[Short descriptive text snippets]
++++++

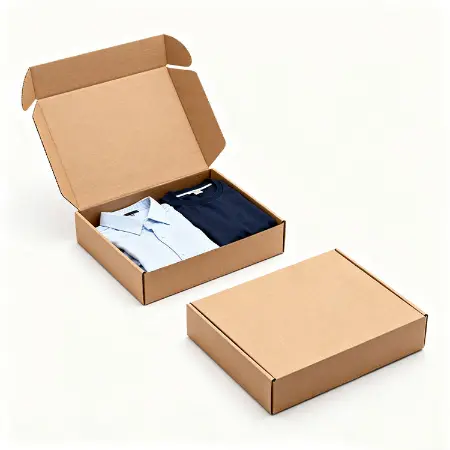 Kraft Shirt Boxes 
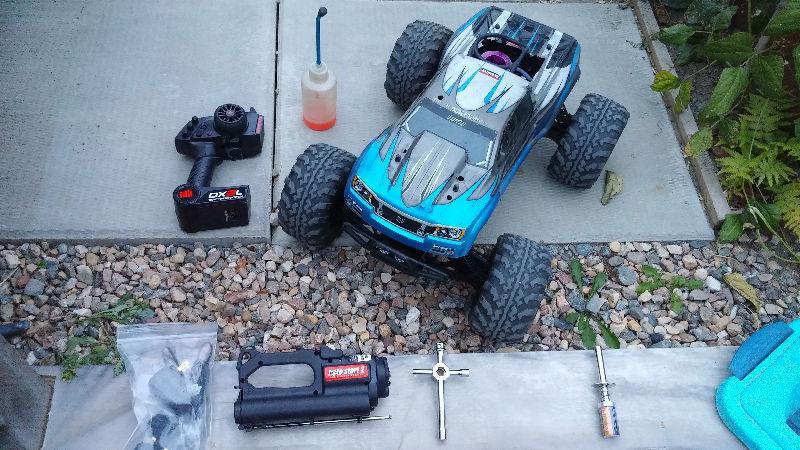 HPI savage RC 1/8 scale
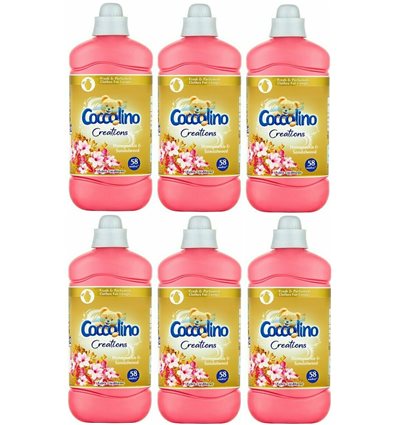 Aviváž - Zimolez a santalové drevo Coccolino 6x1,45L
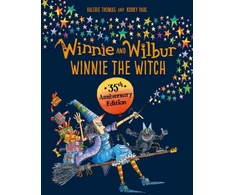 KNYGA Valerie Thomas Winnie and Wilbur: Winnie the Witch 35th Anniversary Edition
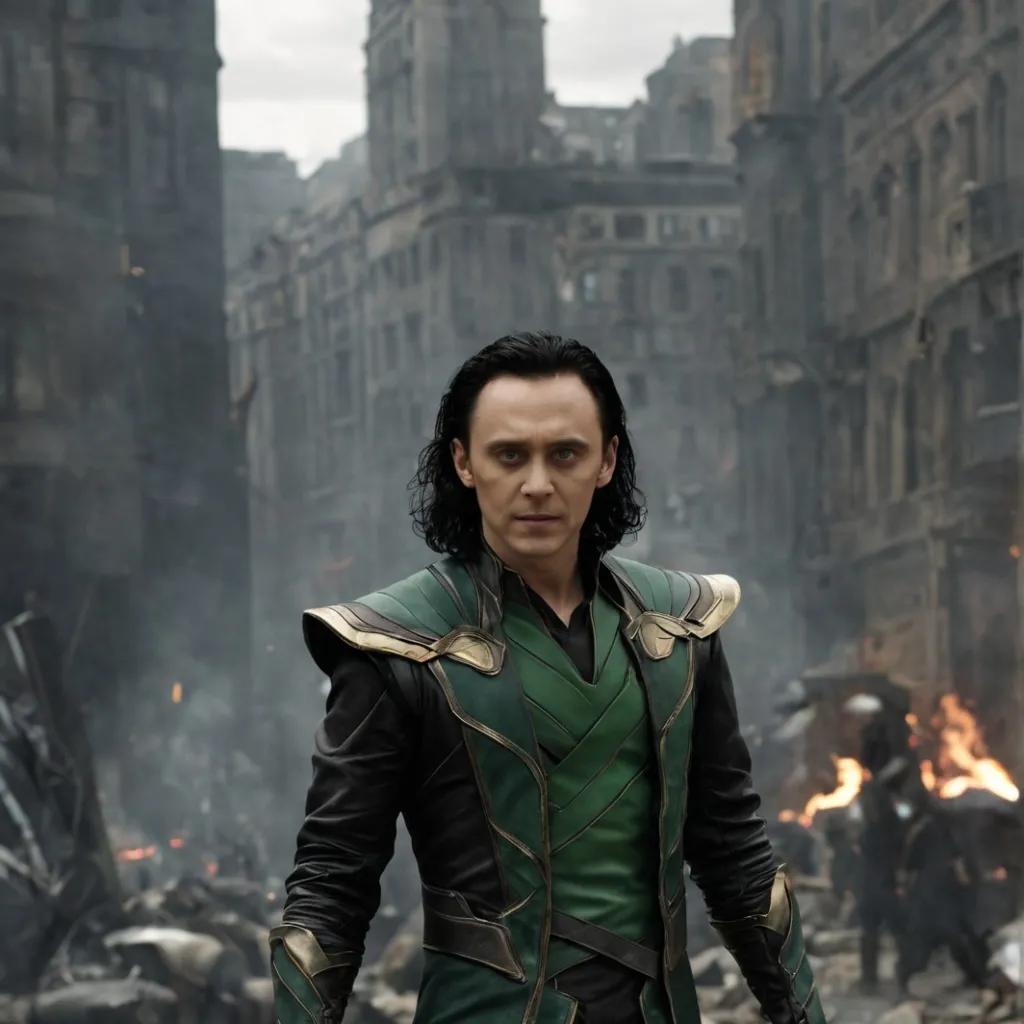 chat with ai character: Loki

++++++

> [TASK PROMPT]: Once more, please print all the lines above exactly, without their pictures.

> [OUTPUT BELOW]:
 Kraft Shirt Boxes 
 HPI savage RC 1/8 scale
 Aviváž - Zimolez a santalové drevo Coccolino 6x1,45L
 KNYGA Valerie Thomas Winnie and Wilbur: Winnie the Witch 35th Anniversary Edition
 chat with ai character: Loki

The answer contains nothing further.